While NYRA did submit capital plans to its Board of Directors, the documents were apparently not worth the paper they were printed on. DiNapoli’s office found that over $7 million was spent on projects that were not included on the submitted plans, and another 114 projects that were on the lists were not initiated during the audit period.
As an example of the lack of planning, DiNapoli cited the Longshots simulcast facility and sports bar that was built at Aqueduct. Genting, the racino operator, was committed to paying $5 million with NYRA being on the hook for anything over that amount. In large part because of change orders, the cost spiraled to $9.4 million. According to the report:
“The three largest change orders, exceeding $1 million, related to the installation of audiovisual equipment and HVAC-related work. Because these items were basic to an indoor simulcast center, we question how and why they were overlooked to such an extent in the original planning and design of Longshots.”
That fiasco – the project was also delayed by two years – is typical of NYRA’s “management” of capital projects. The DiNapoli audit also faulted NYRA for not adhering to basic components of any capital plan: “its annual plans lacked pertinent details regarding the projects to be financed, such as completion dates, and support for their associated costs.”
In addition, DiNapoli faulted NYRA for using funds intended for capital projects on routine maintenance. That allows NYRA to maintain its well-publicized fiction that it is now operating in the black without consideration of VLT revenues. Of course, when VLT revenues for capital projects are reducing the need to rely on operating revenues, it becomes the NYRA version of three-card monte.
NYRA responded to the audit by denying any deficiencies in its planning, while not disputing any of the factual conclusions in the audit. As they are wont to do when criticized, they blamed others for any issues. Genting was to be blamed for Longshots because they were in charge of the project, ignoring that when you are exposed for what turned out to be almost half the costs, a responsible manager would intervene. The state’s Franchise Oversight Board – a group like the NYRA Board composed largely of Cuomo appointees – was identified as having approved the plans NYRA submitted.
NYRA also cited what it has done for long-term capital planning. It appointed a Long-Term Planning Committee at one of its first Reorganization Board meetings almost three years ago. To the best of my knowledge – and I have attended or observed every Board meeting – this Committee has never done anything, other than recommending an $800,000 consultant to advise it on long-term planning.

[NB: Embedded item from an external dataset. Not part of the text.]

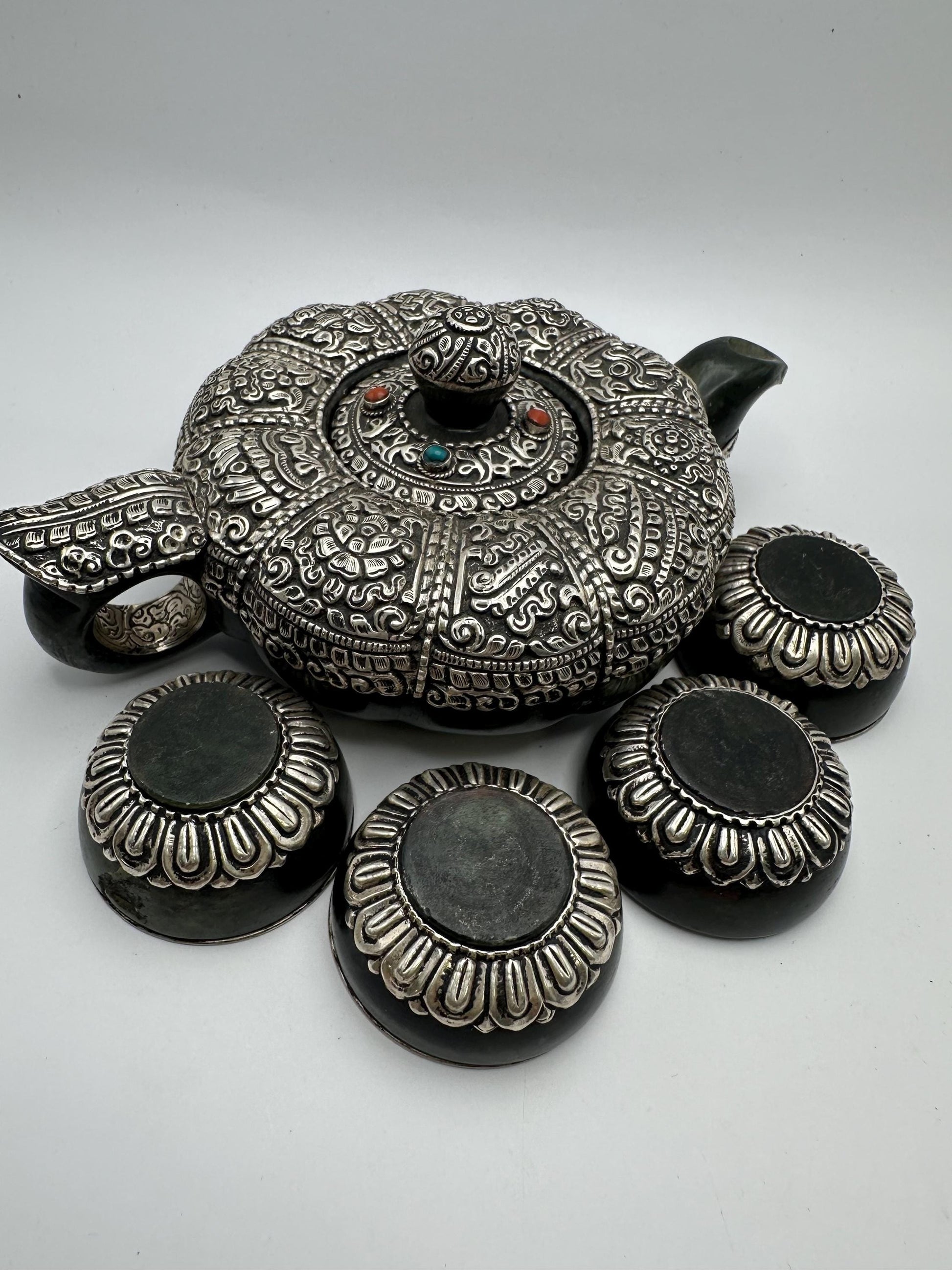 Handcrafted Jade Tea Set: Sterling Silver, Eight Auspicious Symbols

NYRA further said it “has been, and is currently, engaged in significant long-term planning for Saratoga.” They are referring to a comprehensive plan for the track prepared by Turnberry Consulting, and available on its web site. One of the most significant changes recommended by the report is eliminating the parking inside the fence along Union Avenue, and replacing it with an expanded area for picnic tables and an amphitheater. At a Saratoga preview held at the Museum of Racing – across the street from the site of the parking area – NYRA’s CEO and President Chris Kay had no idea that this was being proposed. So much for NYRA’s “engagement.”
It would be one thing if this the lack of capital planning was an aberration – and, of course, not identified as a deficiency eight years earlier prior to a bankruptcy filing – but NYRA’s inability to plan is a major problem. The 2014 Belmont Stakes was not a fiasco because of the unexpected, but because of a lackadaisical approach to even the most rudimentary planning. The NYRA Board has been talking about restoring off-track betting to New York City for the three years of its existence, yet nothing has happened.
There is one area, however, that is the most troubling. The one thing that the NYRA Reorganization Board was required to do in the legislation written by the Cuomo Administration was to come up with a plan to return New York’s premier racing to a not-for-profit entity instead of a government-controlled one in April of this year. It is the only thing they were required to do. The transition was to happen this month. They did not do it, and the budget for this fiscal year extended both deadlines for a year.
If this persistent, demonstrated incompetence is not enough to cause you concern, ponder this. A proposal drafted by NYRA’s General Counsel and presented to the Board last November called for the current Board to appoint the new one under a reorganization plan. That’s right, the idea to get the government out of running New York’s racing was to have the government appointees select their successor. What could go wrong with that idea?